CHFEN: Conditional Hybrid Fusion Emotion Net for Short Video Affective Computing

Project Overview

This repository presents the CHFEN (Conditional Hybrid Fusion Emotion Net), a deep learning model designed for analyzing multi-modal affect in User-Generated Content (UGC) short videos.

CHFEN represents my early exploration into multimodal learning. Its core value lies in two major innovations:

Theoretically Grounded Dataset Construction: Incorporating Plutchik's Wheel of Emotions into the annotation framework to create a short video affective dataset with greater fine-grained explainability.
Three-Layer Hybrid Fusion Model: Designing a fusion network based on the Encoder-Only architecture. It leverages a Conditional Query Mechanism to efficiently process and integrate multi-modal information (visual, acoustic, and text).

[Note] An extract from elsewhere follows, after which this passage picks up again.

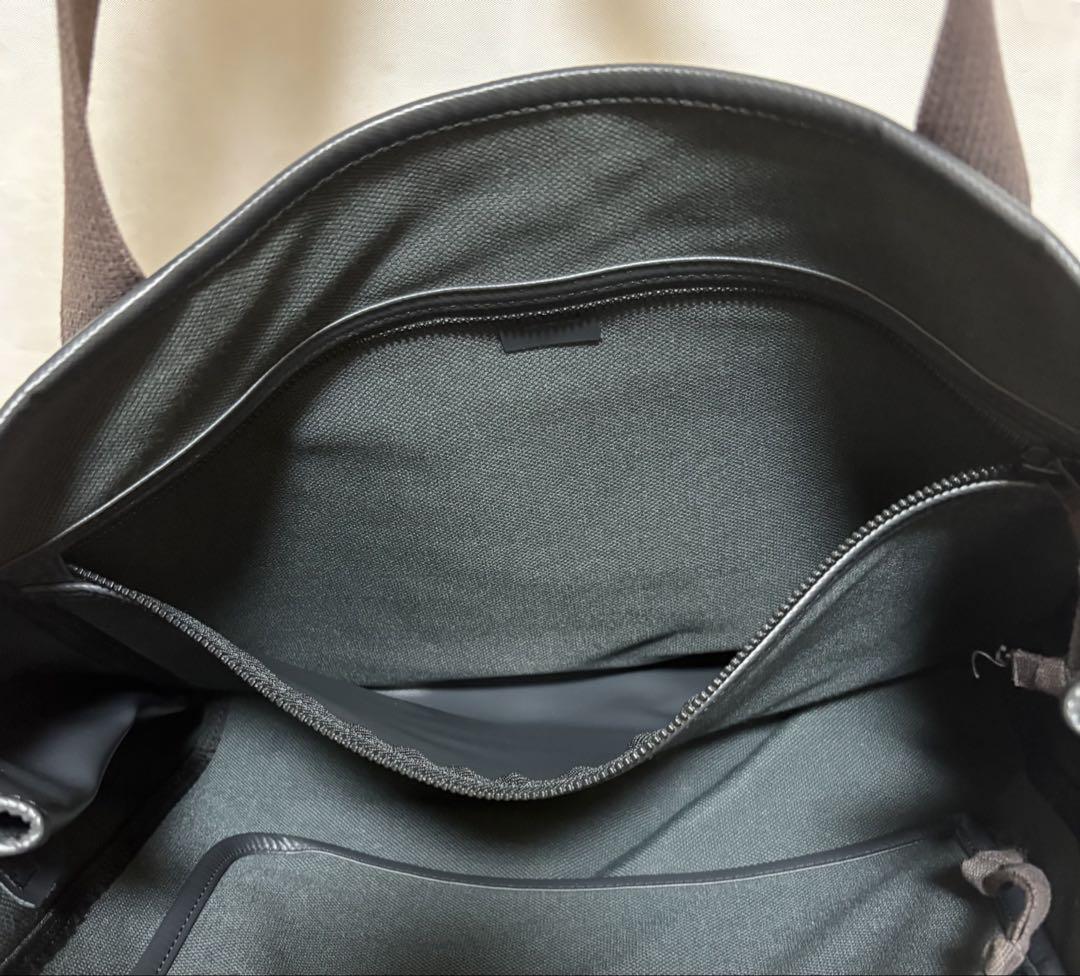 バッグ Porter LUGGAGE LABEL / LINER TOTE BAG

Project Context: This work was my first deep exploration into multimodal learning and was submitted (but not accepted) to CVPR [2025]. Despite the model's performance being limited by the era's context and the early dataset quality, this project comprehensively documents the full pipeline—from data crawling and theoretical framework establishment to model training. It serves as an essential milestone and a valuable summary of engineering experience in the field of multimodal deep learning.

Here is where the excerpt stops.